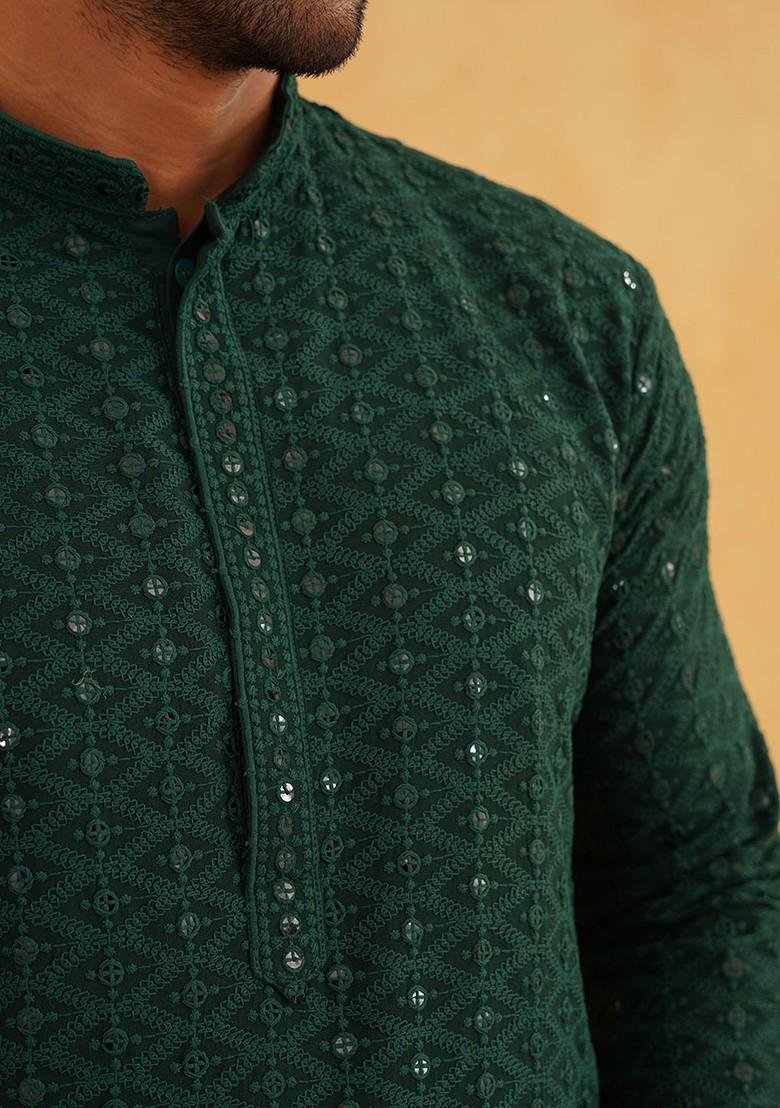 Green Embroidered Cotton Kurta Set For Men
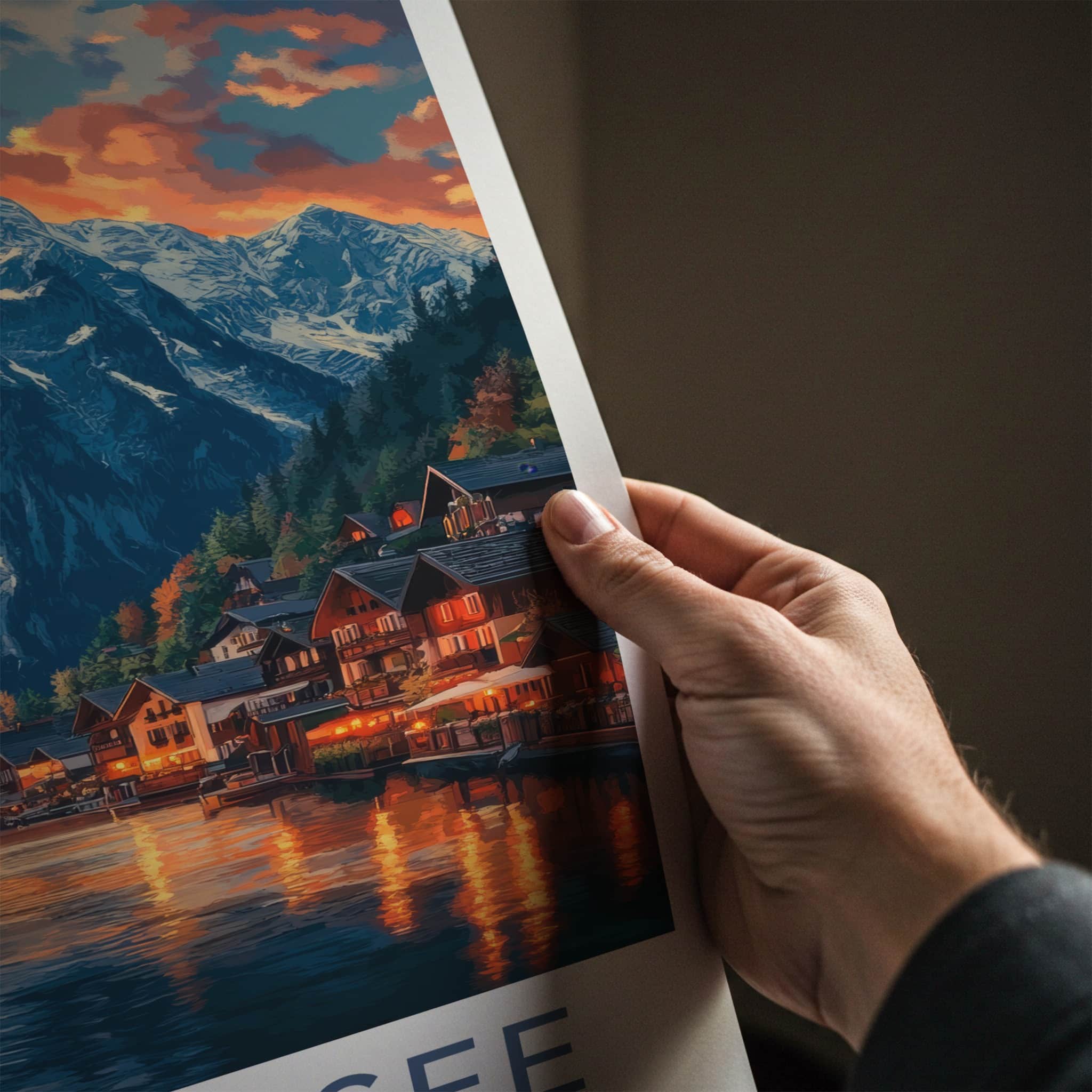 Tegernsee Poster - Germany Travel Art - Evening Village Reflections Home Decor
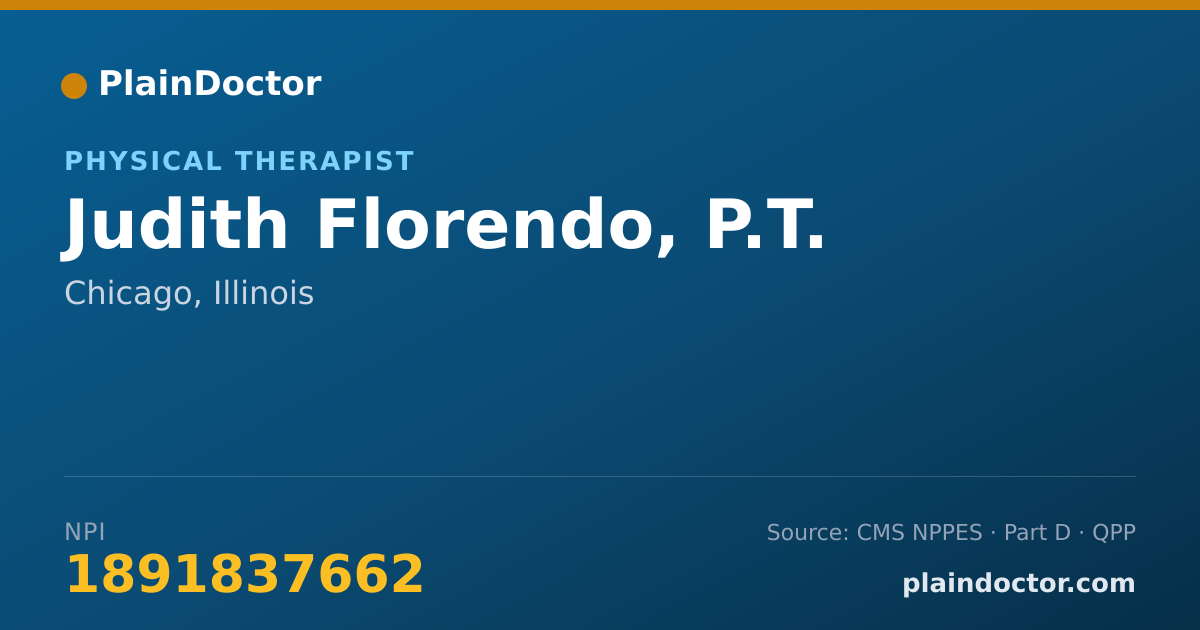 Shareable card for Judith Florendo, P.T. - Physical Therapist, Chicago, IL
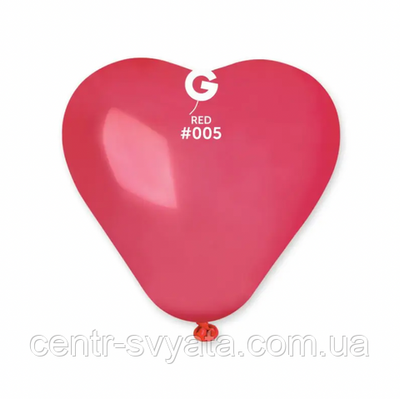 Латексна кулька Gemar 10"(26 см)/05 Серце пастель світло-червоний 2114487067 фото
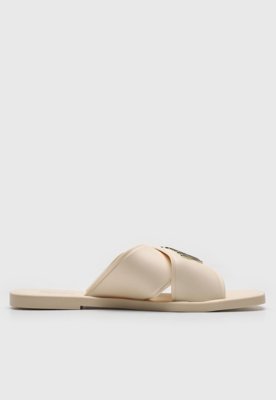 Rasteirinha Slide Santa Lolla Logo Metalizado Off-White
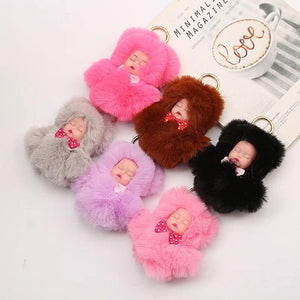 Baby Bowtie Pompom Fur Plush Doll Keychain Keyring Key Ring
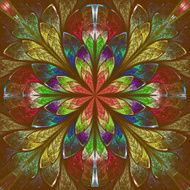 Multicolor beautiful fractal in stained glass window style N14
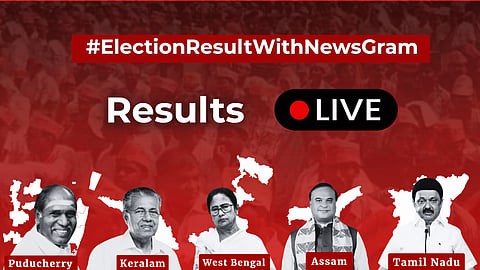 #ElectionResultWithNewsGram" at the top, "Results LIVE" in white text and a red dot. Below are portraits of five individuals, each labeled with different states: Puducherry, Kerala, West Bengal, Assam, and Tamil Nadu, against state map silhouettes.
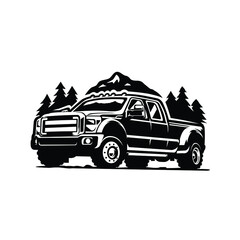 Adventure car logo design. 4x4 truck vector isolated © bonky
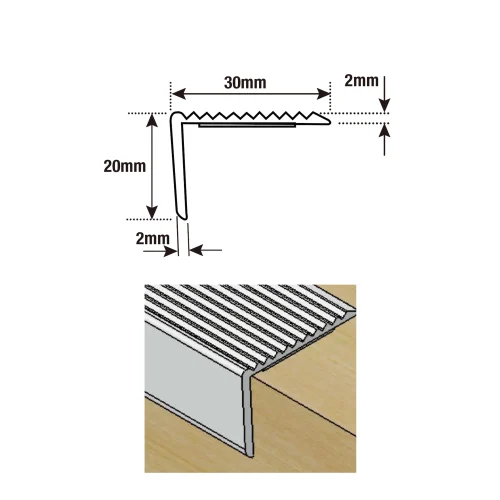 Stair Nosing Self Adhesive 3.3m x 30mm - Matt Black - Image 2
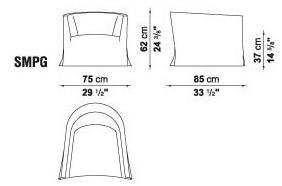Maxalto Кресло из ткани с подлокотниками Crono sun-id-1516440 - Вид №2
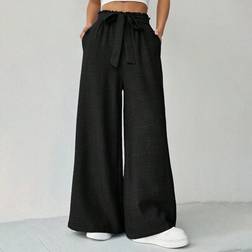 Shein Damen Einfarbige Plissierte Tasche mit Bindegürtel Culotte Hose - Schlichtem Design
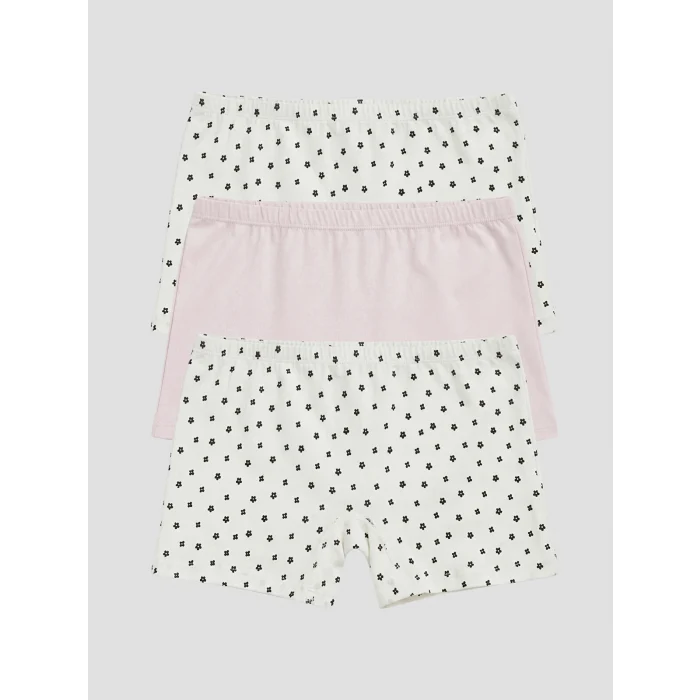 LCW Kids Ekru Kız Çocuk Boxer 3lü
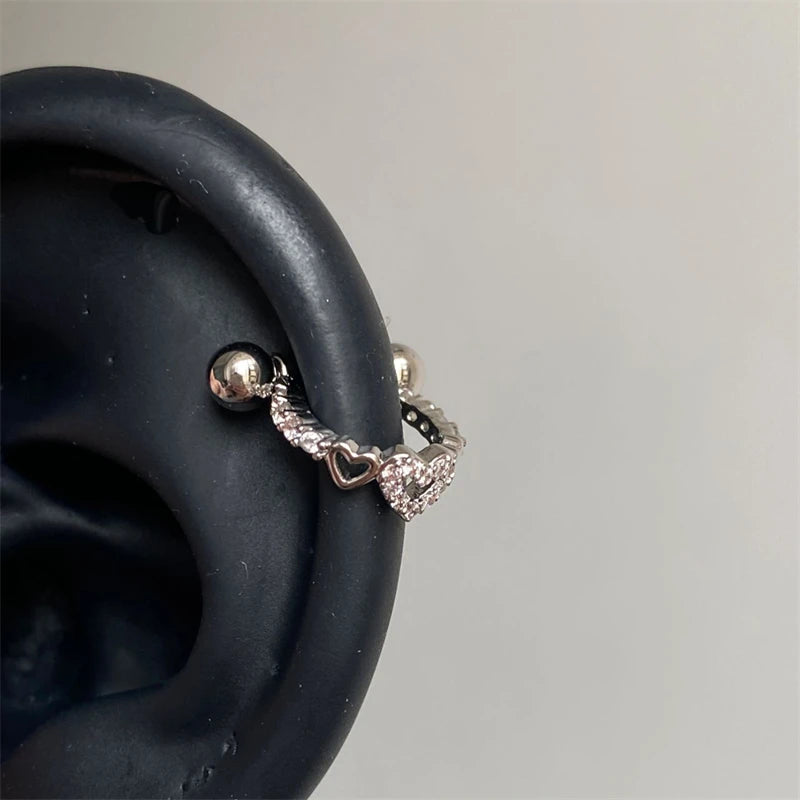 Hollow Heart Stainless Steel Stud Earrings
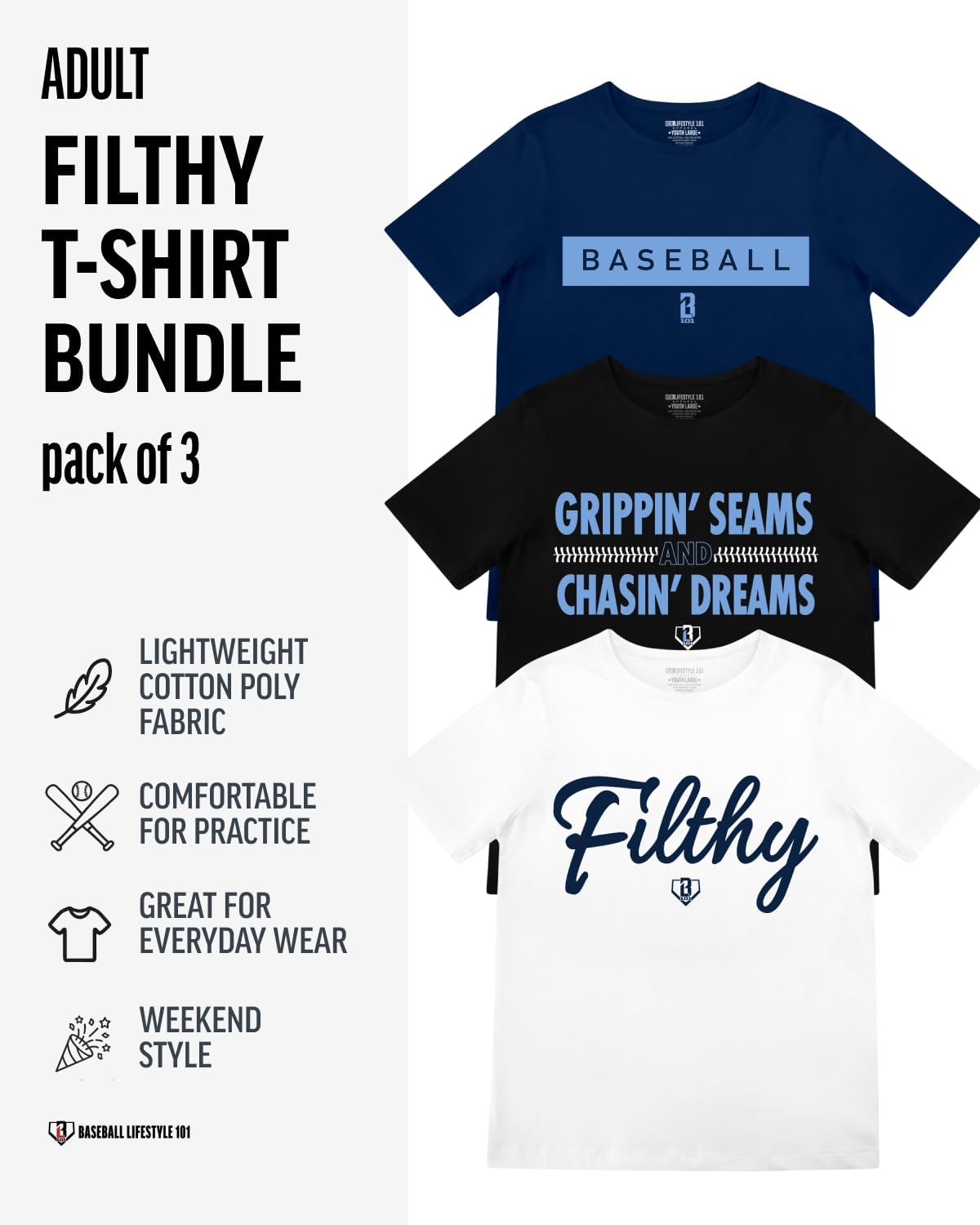 Baseball Lifestyle 101 Filthy T-Shirt Bundle for Men Adult Sizes S-3XL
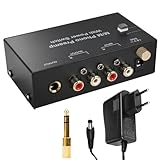 Phono Vorverstärker Plattenspieler - Phono Preamp für Plattenspieler mit MM-Abtast-Systemen, RCA Input & Output, Verstärker Stereo mit Pegel, Schwarz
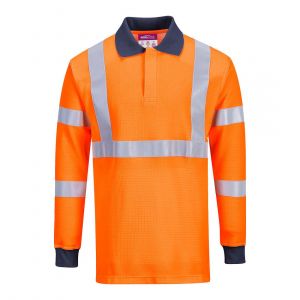 MEN'S MODAFLAME KNIT HVO FLAME RESISTANT LONG SLEEVE POLO SHIRT ORANGE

§ **Task to complete**:
Copy out all the records exactly, excluding pictures.

§ **Final answer**:
 Green Embroidered Cotton Kurta Set For Men
 Tegernsee Poster - Germany Travel Art - Evening Village Reflections Home Decor
 Shareable card for Judith Florendo, P.T. - Physical Therapist, Chicago, IL
 Латексна кулька Gemar 10"(26 см)/05 Серце пастель світло-червоний 2114487067 фото
 Rasteirinha Slide Santa Lolla Logo Metalizado Off-White
 Baby Bowtie Pompom Fur Plush Doll Keychain Keyring Key Ring
 Multicolor beautiful fractal in stained glass window style N14
 #ElectionResultWithNewsGram" at the top, "Results LIVE" in white text and a red dot. Below are portraits of five individuals, each labeled with different states: Puducherry, Kerala, West Bengal, Assam, and Tamil Nadu, against state map silhouettes.
 Adventure car logo design. 4x4 truck vector isolated © bonky
 Stair Nosing Self Adhesive 3.3m x 30mm - Matt Black - Image 2
Maxalto Кресло из ткани с подлокотниками Crono sun-id-1516440 - Вид №2
 Shein Damen Einfarbige Plissierte Tasche mit Bindegürtel Culotte Hose - Schlichtem Design
 LCW Kids Ekru Kız Çocuk Boxer 3lü
 Hollow Heart Stainless Steel Stud Earrings
 Baseball Lifestyle 101 Filthy T-Shirt Bundle for Men Adult Sizes S-3XL
 Phono Vorverstärker Plattenspieler - Phono Preamp für Plattenspieler mit MM-Abtast-Systemen, RCA Input & Output, Verstärker Stereo mit Pegel, Schwarz
 MEN'S MODAFLAME KNIT HVO FLAME RESISTANT LONG SLEEVE POLO SHIRT ORANGE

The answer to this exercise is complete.